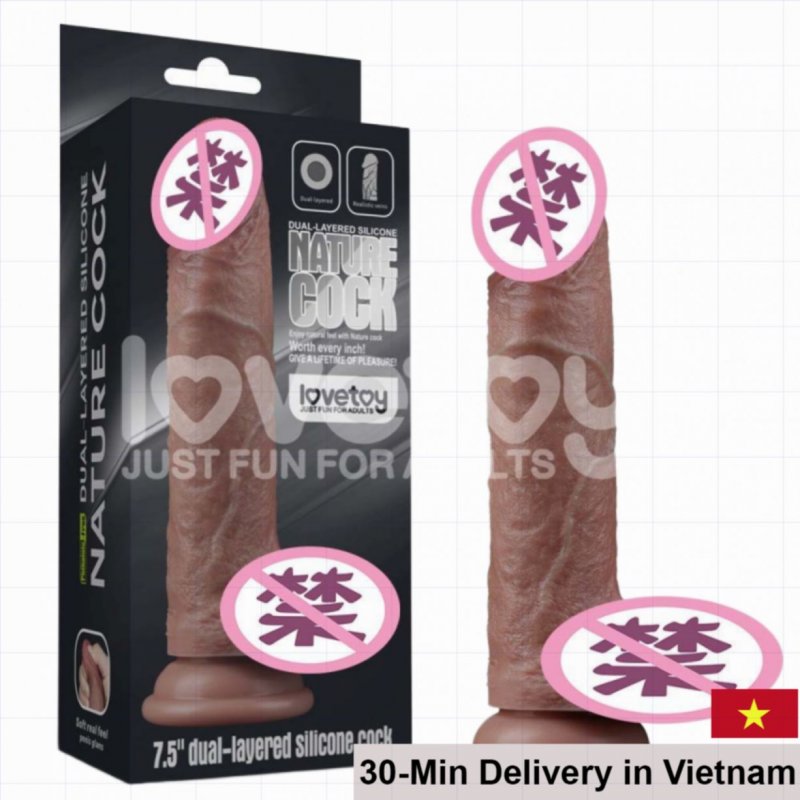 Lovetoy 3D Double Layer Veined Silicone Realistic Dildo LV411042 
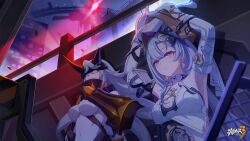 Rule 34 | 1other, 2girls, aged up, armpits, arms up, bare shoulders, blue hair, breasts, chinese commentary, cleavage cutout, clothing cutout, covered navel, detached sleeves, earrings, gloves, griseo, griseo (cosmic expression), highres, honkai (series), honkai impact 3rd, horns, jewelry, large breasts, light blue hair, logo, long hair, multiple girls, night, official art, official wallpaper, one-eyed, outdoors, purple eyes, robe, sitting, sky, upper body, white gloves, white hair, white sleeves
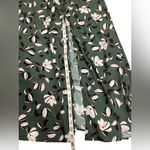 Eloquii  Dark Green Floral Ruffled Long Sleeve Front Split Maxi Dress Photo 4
----------------
• What the task asks
Transcribe the material as is, with images omitted.

• Answer below
 Lovetoy 3D Double Layer Veined Silicone Realistic Dildo LV411042 
 Rule 34 | 1other, 2girls, aged up, armpits, arms up, bare shoulders, blue hair, breasts, chinese commentary, cleavage cutout, clothing cutout, covered navel, detached sleeves, earrings, gloves, griseo, griseo (cosmic expression), highres, honkai (series), honkai impact 3rd, horns, jewelry, large breasts, light blue hair, logo, long hair, multiple girls, night, official art, official wallpaper, one-eyed, outdoors, purple eyes, robe, sitting, sky, upper body, white gloves, white hair, white sleeves
 Eloquii  Dark Green Floral Ruffled Long Sleeve Front Split Maxi Dress Photo 4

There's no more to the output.